Uganda may be lesser known than some of its more ubiquitous neighbours when it comes to safaris, but this provides a great deal of authenticity across its attractions and smaller crowds. Searching for the mountain gorillas in Bwindi and Mgahinga National Parks is a huge motivation for visitors to Uganda and you can also track habituated chimpanzees in Kibali. However, some of her other attractions include more traditional African safari experiences, such as the mighty Murchison Falls and Queen Elizabeth National Park, where if you are lucky you will see other incredible fauna such as elephants, giraffes and possibly lions and leopards.
Supporting nearly half of the world’s estimated 820 mountain gorilla population, Bwindi Impenetrable National Park is situated along the Great Rift Valley. As the name suggests, it is an area of almost impassable dense rainforest spread over a network of valleys and ridges, carving a silhouette of undulating peaks into the skyline.

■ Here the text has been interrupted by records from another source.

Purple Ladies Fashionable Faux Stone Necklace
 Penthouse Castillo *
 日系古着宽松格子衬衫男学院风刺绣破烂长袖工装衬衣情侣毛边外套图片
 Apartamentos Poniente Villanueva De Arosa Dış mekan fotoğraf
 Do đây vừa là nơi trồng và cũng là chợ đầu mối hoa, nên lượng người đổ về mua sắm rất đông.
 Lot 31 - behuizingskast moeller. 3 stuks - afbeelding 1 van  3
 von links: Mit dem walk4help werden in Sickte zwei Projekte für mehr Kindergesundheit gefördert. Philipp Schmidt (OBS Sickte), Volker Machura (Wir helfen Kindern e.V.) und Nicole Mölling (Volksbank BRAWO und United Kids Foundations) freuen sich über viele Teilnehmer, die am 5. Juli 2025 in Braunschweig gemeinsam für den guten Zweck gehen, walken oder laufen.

Dating back over 25,000 years, this is one of Africa’s oldest and most captivating parklands; its bamboo and swamp forests provide the ideal environment for the gorilla population that call it home. There are currently four families of habituated gorillas in Bwindi that can be tracked in the Buhoma area; Habinyanja, Rushegura, Mubare and Orozugo. There are another six families, making ten in total, that are habituated in the Bwindi area, some requiring overnight stays in Buhoma or Nkuringo if you wish to track them. In addition to the 340 habituated gorillas in the park there are 120 other mammals that you can see, including a range of other primates such as chimpanzees, red-tailed monkey, black and white colobus and blue monkey. Read more about Bwindi here.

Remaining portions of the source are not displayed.